WHAT IS NEEDED:
All the data that follows should be repeated exactly, without a single picture.

DATASET:
BEGIN
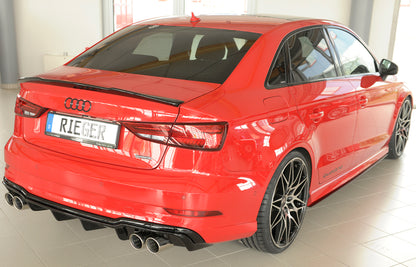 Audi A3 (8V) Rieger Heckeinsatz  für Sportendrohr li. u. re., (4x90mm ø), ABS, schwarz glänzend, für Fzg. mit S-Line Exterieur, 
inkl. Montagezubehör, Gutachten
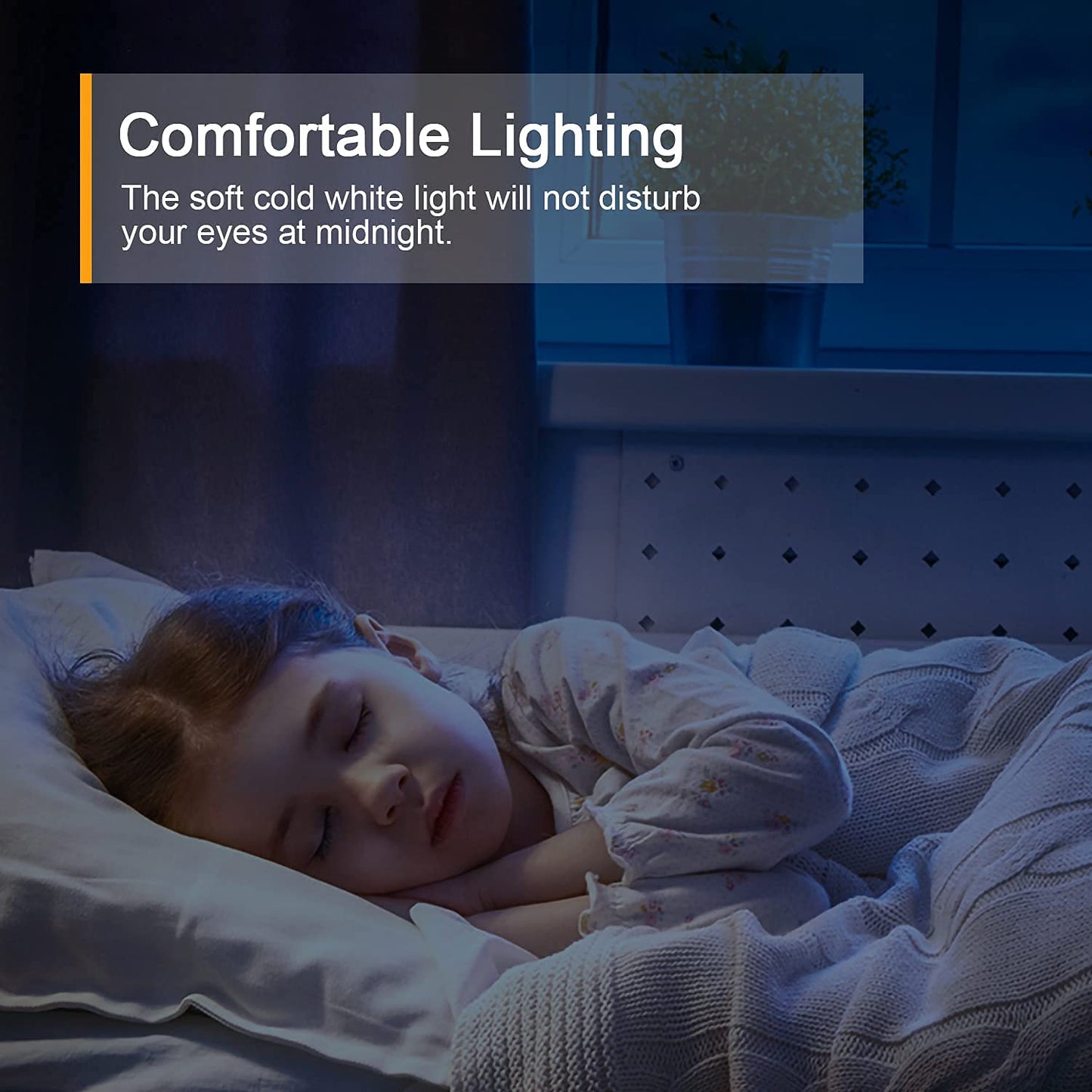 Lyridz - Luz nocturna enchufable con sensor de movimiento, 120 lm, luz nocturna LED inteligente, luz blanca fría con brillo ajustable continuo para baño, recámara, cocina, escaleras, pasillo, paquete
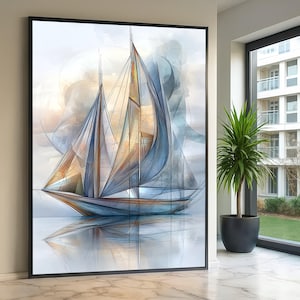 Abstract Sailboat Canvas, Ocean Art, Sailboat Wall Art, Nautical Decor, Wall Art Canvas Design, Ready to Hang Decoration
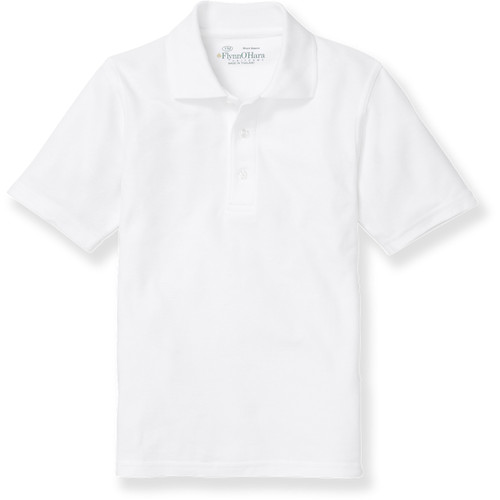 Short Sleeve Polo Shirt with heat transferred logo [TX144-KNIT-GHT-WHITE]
END
RESPONSE TO THE TASK:
 Audi A3 (8V) Rieger Heckeinsatz  für Sportendrohr li. u. re., (4x90mm ø), ABS, schwarz glänzend, für Fzg. mit S-Line Exterieur, 
inkl. Montagezubehör, Gutachten
 Lyridz - Luz nocturna enchufable con sensor de movimiento, 120 lm, luz nocturna LED inteligente, luz blanca fría con brillo ajustable continuo para baño, recámara, cocina, escaleras, pasillo, paquete
 Abstract Sailboat Canvas, Ocean Art, Sailboat Wall Art, Nautical Decor, Wall Art Canvas Design, Ready to Hang Decoration
 Short Sleeve Polo Shirt with heat transferred logo [TX144-KNIT-GHT-WHITE]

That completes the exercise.